WHAT IS EXPECTED — Keep the pictures out, and restate the listing that follows exactly as written.

DATA —
────────

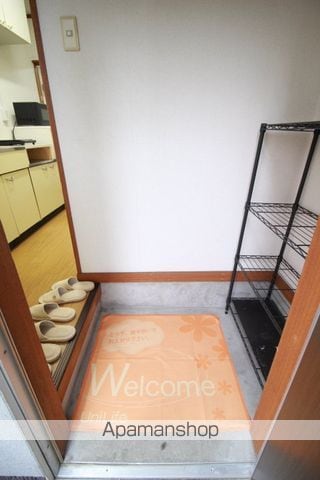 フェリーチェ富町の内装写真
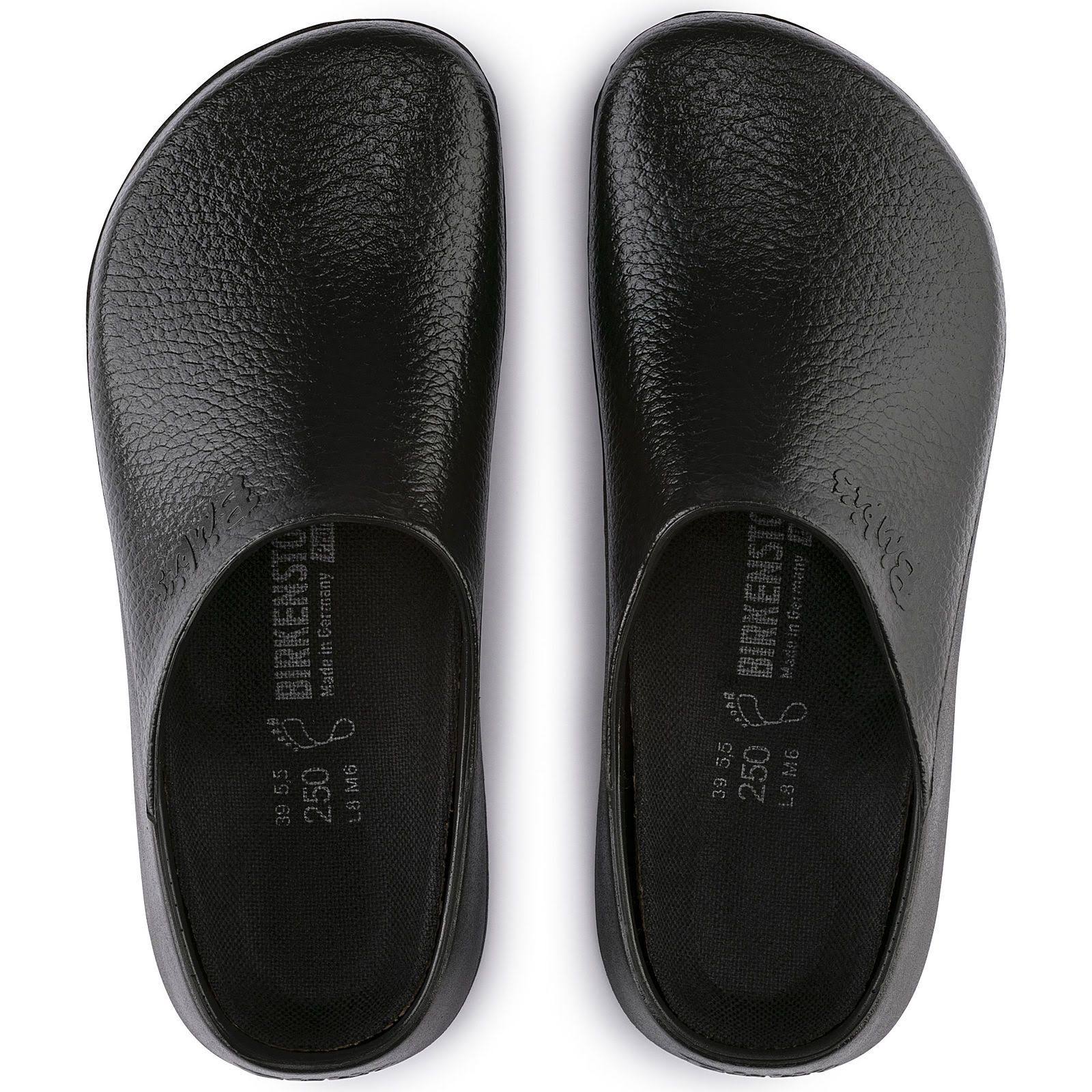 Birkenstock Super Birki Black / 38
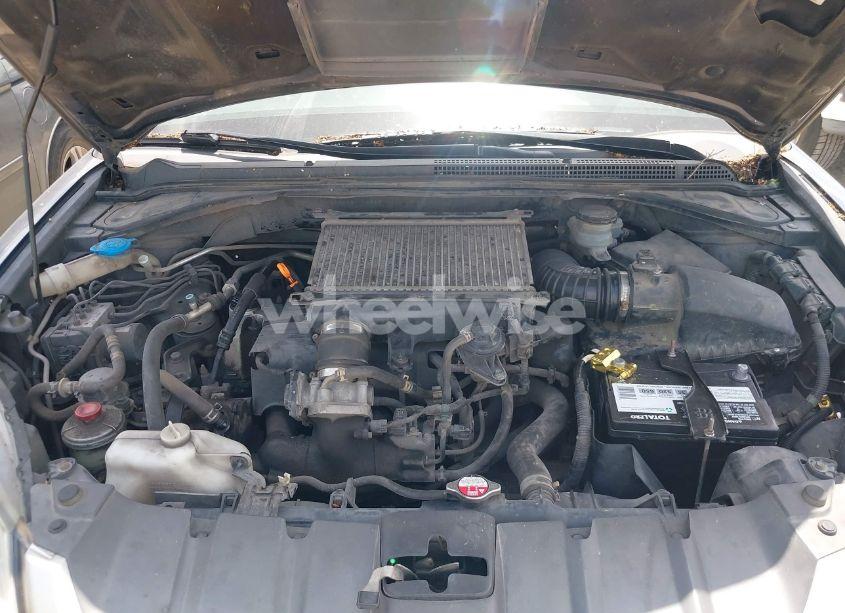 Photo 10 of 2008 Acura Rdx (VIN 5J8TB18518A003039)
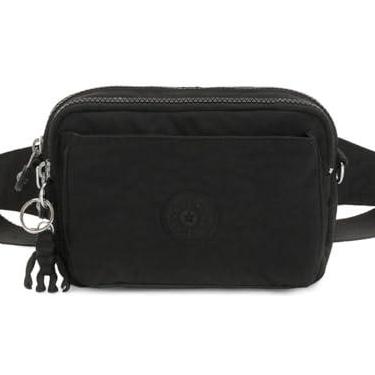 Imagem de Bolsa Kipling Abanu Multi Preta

────────

YOUR RESPONSE —
 フェリーチェ富町の内装写真
 Birkenstock Super Birki Black / 38
 Photo 10 of 2008 Acura Rdx (VIN 5J8TB18518A003039)
 Imagem de Bolsa Kipling Abanu Multi Preta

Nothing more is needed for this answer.